Task to complete.
From start to end, print the entire listing below exactly.

Provided material.
##########
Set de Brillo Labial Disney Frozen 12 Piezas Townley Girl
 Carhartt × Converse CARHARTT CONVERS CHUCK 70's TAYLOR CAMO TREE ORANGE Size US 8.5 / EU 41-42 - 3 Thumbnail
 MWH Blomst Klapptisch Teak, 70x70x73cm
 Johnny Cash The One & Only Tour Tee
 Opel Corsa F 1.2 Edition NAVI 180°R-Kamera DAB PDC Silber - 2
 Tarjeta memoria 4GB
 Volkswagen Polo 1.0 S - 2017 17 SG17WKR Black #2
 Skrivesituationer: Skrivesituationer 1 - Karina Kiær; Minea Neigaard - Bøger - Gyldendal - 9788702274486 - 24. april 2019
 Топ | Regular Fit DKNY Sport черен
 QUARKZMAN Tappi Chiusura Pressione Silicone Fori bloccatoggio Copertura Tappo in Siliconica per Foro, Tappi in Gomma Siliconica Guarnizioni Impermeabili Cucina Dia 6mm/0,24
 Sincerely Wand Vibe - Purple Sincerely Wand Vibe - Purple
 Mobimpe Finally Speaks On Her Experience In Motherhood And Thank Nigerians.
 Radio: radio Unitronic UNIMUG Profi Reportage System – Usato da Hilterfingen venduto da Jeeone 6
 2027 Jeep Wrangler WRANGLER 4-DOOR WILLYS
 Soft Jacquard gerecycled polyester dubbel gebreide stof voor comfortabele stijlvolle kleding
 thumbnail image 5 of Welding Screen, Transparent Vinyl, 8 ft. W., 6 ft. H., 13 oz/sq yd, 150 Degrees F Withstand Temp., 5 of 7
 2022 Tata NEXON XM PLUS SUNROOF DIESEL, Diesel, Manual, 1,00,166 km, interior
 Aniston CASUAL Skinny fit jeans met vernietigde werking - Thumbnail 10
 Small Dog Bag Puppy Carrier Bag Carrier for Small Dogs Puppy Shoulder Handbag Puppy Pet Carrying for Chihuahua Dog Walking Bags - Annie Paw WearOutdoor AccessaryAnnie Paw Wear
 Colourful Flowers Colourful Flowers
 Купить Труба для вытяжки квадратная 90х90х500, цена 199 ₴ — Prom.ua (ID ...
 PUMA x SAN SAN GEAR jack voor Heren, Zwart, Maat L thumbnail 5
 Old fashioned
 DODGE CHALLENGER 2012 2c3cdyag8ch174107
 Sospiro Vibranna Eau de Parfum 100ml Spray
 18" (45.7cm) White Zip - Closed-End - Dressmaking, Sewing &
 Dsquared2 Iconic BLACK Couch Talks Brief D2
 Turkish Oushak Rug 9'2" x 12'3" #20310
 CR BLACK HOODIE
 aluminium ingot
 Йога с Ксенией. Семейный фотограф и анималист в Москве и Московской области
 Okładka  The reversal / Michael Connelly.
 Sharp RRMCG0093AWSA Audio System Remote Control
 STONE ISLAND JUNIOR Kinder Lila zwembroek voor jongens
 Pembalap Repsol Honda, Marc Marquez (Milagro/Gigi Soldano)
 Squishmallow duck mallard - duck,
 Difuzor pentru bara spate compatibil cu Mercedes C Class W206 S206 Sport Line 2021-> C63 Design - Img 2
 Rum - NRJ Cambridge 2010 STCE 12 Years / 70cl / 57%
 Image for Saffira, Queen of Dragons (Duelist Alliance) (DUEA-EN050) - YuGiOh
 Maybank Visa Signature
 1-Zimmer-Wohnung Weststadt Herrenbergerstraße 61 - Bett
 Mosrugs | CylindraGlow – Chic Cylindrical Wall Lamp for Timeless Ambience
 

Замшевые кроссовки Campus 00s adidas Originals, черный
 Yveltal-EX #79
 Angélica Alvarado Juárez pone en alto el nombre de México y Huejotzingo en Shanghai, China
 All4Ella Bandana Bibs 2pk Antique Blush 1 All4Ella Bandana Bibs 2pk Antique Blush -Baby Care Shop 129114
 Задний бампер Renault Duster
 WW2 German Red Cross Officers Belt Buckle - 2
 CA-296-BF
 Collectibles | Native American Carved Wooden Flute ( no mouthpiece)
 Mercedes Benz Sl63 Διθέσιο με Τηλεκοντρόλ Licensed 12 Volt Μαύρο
##########
Finished task.
Set de Brillo Labial Disney Frozen 12 Piezas Townley Girl
 Carhartt × Converse CARHARTT CONVERS CHUCK 70's TAYLOR CAMO TREE ORANGE Size US 8.5 / EU 41-42 - 3 Thumbnail
 MWH Blomst Klapptisch Teak, 70x70x73cm
 Johnny Cash The One & Only Tour Tee
 Opel Corsa F 1.2 Edition NAVI 180°R-Kamera DAB PDC Silber - 2
 Tarjeta memoria 4GB
 Volkswagen Polo 1.0 S - 2017 17 SG17WKR Black #2
 Skrivesituationer: Skrivesituationer 1 - Karina Kiær; Minea Neigaard - Bøger - Gyldendal - 9788702274486 - 24. april 2019
 Топ | Regular Fit DKNY Sport черен
 QUARKZMAN Tappi Chiusura Pressione Silicone Fori bloccatoggio Copertura Tappo in Siliconica per Foro, Tappi in Gomma Siliconica Guarnizioni Impermeabili Cucina Dia 6mm/0,24
 Sincerely Wand Vibe - Purple Sincerely Wand Vibe - Purple
 Mobimpe Finally Speaks On Her Experience In Motherhood And Thank Nigerians.
 Radio: radio Unitronic UNIMUG Profi Reportage System – Usato da Hilterfingen venduto da Jeeone 6
 2027 Jeep Wrangler WRANGLER 4-DOOR WILLYS
 Soft Jacquard gerecycled polyester dubbel gebreide stof voor comfortabele stijlvolle kleding
 thumbnail image 5 of Welding Screen, Transparent Vinyl, 8 ft. W., 6 ft. H., 13 oz/sq yd, 150 Degrees F Withstand Temp., 5 of 7
 2022 Tata NEXON XM PLUS SUNROOF DIESEL, Diesel, Manual, 1,00,166 km, interior
 Aniston CASUAL Skinny fit jeans met vernietigde werking - Thumbnail 10
 Small Dog Bag Puppy Carrier Bag Carrier for Small Dogs Puppy Shoulder Handbag Puppy Pet Carrying for Chihuahua Dog Walking Bags - Annie Paw WearOutdoor AccessaryAnnie Paw Wear
 Colourful Flowers Colourful Flowers
 Купить Труба для вытяжки квадратная 90х90х500, цена 199 ₴ — Prom.ua (ID ...
 PUMA x SAN SAN GEAR jack voor Heren, Zwart, Maat L thumbnail 5
 Old fashioned
 DODGE CHALLENGER 2012 2c3cdyag8ch174107
 Sospiro Vibranna Eau de Parfum 100ml Spray
 18" (45.7cm) White Zip - Closed-End - Dressmaking, Sewing &
 Dsquared2 Iconic BLACK Couch Talks Brief D2
 Turkish Oushak Rug 9'2" x 12'3" #20310
 CR BLACK HOODIE
 aluminium ingot
 Йога с Ксенией. Семейный фотограф и анималист в Москве и Московской области
 Okładka  The reversal / Michael Connelly.
 Sharp RRMCG0093AWSA Audio System Remote Control
 STONE ISLAND JUNIOR Kinder Lila zwembroek voor jongens
 Pembalap Repsol Honda, Marc Marquez (Milagro/Gigi Soldano)
 Squishmallow duck mallard - duck,
 Difuzor pentru bara spate compatibil cu Mercedes C Class W206 S206 Sport Line 2021-> C63 Design - Img 2
 Rum - NRJ Cambridge 2010 STCE 12 Years / 70cl / 57%
 Image for Saffira, Queen of Dragons (Duelist Alliance) (DUEA-EN050) - YuGiOh
 Maybank Visa Signature
 1-Zimmer-Wohnung Weststadt Herrenbergerstraße 61 - Bett
 Mosrugs | CylindraGlow – Chic Cylindrical Wall Lamp for Timeless Ambience
 

Замшевые кроссовки Campus 00s adidas Originals, черный
 Yveltal-EX #79
 Angélica Alvarado Juárez pone en alto el nombre de México y Huejotzingo en Shanghai, China
 All4Ella Bandana Bibs 2pk Antique Blush 1 All4Ella Bandana Bibs 2pk Antique Blush -Baby Care Shop 129114
 Задний бампер Renault Duster
 WW2 German Red Cross Officers Belt Buckle - 2
 CA-296-BF
 Collectibles | Native American Carved Wooden Flute ( no mouthpiece)
 Mercedes Benz Sl63 Διθέσιο με Τηλεκοντρόλ Licensed 12 Volt Μαύρο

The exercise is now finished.